Session Management and Mega-Proxies?
chicagothad asks: "I help
to run large internet systems for a few Fortune 500 companies. We are
running several clustered systems, comprised of both Microsoft and Linux
technologies. We have run into several problems with what is known as
a 'mega-proxy'. A mega proxy is a way that large internet providers
distribute their outbound traffic via a pool of IPs. AOL/Compuserve
is the largest example of this. We are having fits with session
management right now. Does anyone have any ideas on the best system
structure or design to manage these beasts or any other tips that may
be helpful?"
What kind of problems are you having? Because you mentioned large organizations, I'm assuming you are talking about problems with large-volume web server farms and traditional session management techniques.
Basically, the problem is such:
Sessions are usually stored in RAM. Thus, the session only exists on one web server even if there are lots of web servers. To make sure that the right webserver gets the traffic, the client IP, destination IP, and (sometimes) destination port are hashed together to determine which server to go to. Because the hash is deterministic between requests, this method insures that if a user hits Box A, he will continue to hit Box A, provided these things do not change (that is - source IP and destination IP/port).

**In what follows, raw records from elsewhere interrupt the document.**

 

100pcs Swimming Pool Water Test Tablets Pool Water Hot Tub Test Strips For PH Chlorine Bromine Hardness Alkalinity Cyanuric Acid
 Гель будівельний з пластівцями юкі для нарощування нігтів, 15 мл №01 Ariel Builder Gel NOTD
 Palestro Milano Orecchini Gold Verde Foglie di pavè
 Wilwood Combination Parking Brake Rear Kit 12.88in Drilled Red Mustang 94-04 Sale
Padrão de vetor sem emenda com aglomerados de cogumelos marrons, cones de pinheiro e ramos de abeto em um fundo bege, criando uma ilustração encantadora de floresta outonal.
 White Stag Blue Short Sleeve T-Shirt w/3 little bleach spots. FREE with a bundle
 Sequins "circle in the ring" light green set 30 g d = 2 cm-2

The problem with the mega proxies (and lots of other forms of NAT where there are multiple outgoing IPs) is that the source IP does change. Thus, the hashing technique described above fails. Cisco Local Directors amoung others do exactly this.

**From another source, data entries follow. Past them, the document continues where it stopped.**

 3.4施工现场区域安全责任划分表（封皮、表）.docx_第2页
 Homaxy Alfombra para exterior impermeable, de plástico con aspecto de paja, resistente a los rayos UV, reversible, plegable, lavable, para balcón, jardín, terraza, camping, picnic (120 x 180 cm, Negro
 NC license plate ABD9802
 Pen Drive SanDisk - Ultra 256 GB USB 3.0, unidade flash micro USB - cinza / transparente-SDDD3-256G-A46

The solution I've implemented basically keeps the session information in RAM, although it does this through a middle-layer. If I get a session ID from a browser but can not find that session ID in my RAM, I put a querry out to the server farm network and ask, "Who has this?" Whoever has it transfers the session to me (transfer, NOT copy, as I only want one authorative copy).
You have to be careful of concurrancy issues while doing this, but if you are careful, it will work well and be extremely fast for the majority of users, as they remain at one IP for the duration of thier session. But it allows the possibility of a session migrating.
Another option is to use a central "session repository" like a database or special application server. These are almost always going to be bottlenecks, though.
I will say that this is not uncharted territory. The solutions to these kinds of problems are well known. If you are dealing with Fortune 500 companies, make sure your project is funded well enough to bring in some as consultants... This is a fundamental issue to get right, and if you have problems here, I suspect you'll encounter some problems later.